::: Given entries :::
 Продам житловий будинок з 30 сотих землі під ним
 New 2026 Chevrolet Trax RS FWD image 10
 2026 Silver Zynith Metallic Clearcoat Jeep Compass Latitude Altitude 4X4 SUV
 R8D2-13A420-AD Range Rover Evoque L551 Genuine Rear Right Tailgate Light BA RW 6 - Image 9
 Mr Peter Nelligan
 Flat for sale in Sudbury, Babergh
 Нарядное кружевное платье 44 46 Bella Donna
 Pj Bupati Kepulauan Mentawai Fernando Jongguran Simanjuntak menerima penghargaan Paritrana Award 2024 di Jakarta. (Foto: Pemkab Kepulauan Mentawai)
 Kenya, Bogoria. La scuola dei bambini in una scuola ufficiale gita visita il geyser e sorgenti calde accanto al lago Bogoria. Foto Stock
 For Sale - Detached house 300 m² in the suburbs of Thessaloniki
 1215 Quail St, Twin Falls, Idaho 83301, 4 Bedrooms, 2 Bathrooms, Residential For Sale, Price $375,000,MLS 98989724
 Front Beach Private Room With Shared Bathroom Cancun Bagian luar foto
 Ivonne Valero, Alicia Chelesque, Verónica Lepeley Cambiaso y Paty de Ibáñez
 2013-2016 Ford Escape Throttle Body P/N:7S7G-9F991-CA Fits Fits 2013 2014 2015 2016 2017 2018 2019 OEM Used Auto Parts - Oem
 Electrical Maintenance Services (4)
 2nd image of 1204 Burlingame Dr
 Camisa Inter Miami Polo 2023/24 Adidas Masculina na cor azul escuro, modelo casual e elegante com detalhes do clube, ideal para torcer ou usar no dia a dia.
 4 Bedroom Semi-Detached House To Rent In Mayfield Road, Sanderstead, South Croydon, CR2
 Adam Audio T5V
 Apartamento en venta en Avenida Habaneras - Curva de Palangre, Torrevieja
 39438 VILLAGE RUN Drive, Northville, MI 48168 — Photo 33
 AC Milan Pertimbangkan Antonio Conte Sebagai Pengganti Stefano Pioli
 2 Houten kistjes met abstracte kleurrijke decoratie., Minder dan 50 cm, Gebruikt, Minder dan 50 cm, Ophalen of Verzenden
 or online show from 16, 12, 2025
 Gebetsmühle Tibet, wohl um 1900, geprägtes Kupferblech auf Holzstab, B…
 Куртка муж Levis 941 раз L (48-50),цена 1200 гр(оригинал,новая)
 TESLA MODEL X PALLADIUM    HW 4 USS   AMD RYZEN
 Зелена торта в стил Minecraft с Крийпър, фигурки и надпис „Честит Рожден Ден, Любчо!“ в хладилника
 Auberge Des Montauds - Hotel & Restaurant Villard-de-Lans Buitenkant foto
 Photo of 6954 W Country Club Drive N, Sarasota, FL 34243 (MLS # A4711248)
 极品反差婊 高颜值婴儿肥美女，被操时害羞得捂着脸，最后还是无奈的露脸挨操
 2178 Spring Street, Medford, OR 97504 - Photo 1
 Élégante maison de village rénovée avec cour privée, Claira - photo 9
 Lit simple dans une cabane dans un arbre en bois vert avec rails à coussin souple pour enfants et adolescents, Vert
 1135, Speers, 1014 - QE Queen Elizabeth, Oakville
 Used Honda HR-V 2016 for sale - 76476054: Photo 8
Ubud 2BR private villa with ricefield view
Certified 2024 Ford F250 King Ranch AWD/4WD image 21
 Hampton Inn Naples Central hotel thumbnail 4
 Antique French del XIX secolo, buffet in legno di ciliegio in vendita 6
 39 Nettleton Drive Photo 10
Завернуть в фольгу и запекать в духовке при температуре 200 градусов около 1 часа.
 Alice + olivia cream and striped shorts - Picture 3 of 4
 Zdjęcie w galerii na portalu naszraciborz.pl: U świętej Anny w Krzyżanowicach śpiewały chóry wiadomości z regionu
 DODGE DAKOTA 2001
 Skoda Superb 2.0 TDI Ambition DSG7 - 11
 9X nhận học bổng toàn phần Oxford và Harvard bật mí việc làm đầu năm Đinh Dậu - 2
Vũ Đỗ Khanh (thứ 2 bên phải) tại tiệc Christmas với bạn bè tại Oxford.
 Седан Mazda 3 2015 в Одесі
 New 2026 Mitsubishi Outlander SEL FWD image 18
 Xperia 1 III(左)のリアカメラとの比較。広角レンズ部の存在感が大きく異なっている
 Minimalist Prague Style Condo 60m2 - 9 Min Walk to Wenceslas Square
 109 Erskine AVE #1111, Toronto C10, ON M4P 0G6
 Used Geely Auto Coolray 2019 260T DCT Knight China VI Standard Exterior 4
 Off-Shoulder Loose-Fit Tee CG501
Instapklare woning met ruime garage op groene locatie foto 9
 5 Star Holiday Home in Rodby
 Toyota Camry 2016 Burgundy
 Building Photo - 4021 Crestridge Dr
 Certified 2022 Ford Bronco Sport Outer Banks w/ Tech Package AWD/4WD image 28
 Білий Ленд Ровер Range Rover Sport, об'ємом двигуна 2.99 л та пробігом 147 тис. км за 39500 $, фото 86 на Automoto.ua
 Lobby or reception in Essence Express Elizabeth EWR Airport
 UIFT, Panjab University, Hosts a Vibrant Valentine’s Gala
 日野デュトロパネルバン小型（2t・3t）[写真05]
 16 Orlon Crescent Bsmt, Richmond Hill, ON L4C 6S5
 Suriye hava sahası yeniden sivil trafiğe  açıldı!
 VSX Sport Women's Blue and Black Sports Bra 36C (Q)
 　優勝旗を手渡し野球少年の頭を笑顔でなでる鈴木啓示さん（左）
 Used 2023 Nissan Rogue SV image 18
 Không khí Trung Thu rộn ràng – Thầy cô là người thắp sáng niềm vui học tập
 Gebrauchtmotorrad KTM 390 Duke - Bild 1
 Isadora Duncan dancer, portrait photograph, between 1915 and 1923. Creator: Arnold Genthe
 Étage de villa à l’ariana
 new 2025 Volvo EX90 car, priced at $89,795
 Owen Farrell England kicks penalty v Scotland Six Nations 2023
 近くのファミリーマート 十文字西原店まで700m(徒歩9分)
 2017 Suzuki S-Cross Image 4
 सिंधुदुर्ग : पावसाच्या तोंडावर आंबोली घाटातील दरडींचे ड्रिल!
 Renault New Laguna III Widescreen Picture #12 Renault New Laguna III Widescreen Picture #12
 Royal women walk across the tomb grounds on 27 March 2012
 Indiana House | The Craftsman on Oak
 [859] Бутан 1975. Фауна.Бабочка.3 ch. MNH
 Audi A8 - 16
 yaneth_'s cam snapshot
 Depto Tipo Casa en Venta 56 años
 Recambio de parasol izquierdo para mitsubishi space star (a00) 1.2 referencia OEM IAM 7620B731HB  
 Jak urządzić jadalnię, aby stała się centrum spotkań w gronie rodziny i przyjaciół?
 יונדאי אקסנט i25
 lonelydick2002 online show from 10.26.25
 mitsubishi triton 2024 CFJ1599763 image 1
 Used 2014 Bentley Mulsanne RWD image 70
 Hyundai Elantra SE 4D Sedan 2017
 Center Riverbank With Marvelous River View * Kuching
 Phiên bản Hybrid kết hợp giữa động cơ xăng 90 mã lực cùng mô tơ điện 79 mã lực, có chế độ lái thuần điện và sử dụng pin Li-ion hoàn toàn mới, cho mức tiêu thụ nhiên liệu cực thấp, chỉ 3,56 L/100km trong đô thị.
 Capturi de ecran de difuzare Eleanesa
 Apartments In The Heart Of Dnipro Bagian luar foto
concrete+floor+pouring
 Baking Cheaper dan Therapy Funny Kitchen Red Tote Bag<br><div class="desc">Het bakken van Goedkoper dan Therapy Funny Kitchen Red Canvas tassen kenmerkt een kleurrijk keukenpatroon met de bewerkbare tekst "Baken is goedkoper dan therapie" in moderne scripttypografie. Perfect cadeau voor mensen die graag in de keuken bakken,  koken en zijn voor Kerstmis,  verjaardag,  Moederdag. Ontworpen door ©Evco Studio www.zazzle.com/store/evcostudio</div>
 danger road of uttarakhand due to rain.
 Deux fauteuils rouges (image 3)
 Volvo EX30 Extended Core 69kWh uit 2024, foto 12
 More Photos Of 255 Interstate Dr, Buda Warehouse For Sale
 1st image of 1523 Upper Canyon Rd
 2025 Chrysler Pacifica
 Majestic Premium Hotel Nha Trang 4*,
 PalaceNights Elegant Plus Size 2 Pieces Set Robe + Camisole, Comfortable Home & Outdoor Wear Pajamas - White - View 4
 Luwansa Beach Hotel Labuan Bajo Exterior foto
:::
Exercise goal: Could you repeat exactly the lines in the listing above from the one with "Xperia 1 III(左)のリアカメラとの比較。広角レンズ部の存在感が大きく異なっている" down to the one with "Building Photo - 4021 Crestridge Dr"? Include both of those lines.

Solution:
 Xperia 1 III(左)のリアカメラとの比較。広角レンズ部の存在感が大きく異なっている
 Minimalist Prague Style Condo 60m2 - 9 Min Walk to Wenceslas Square
 109 Erskine AVE #1111, Toronto C10, ON M4P 0G6
 Used Geely Auto Coolray 2019 260T DCT Knight China VI Standard Exterior 4
 Off-Shoulder Loose-Fit Tee CG501
Instapklare woning met ruime garage op groene locatie foto 9
 5 Star Holiday Home in Rodby
 Toyota Camry 2016 Burgundy
 Building Photo - 4021 Crestridge Dr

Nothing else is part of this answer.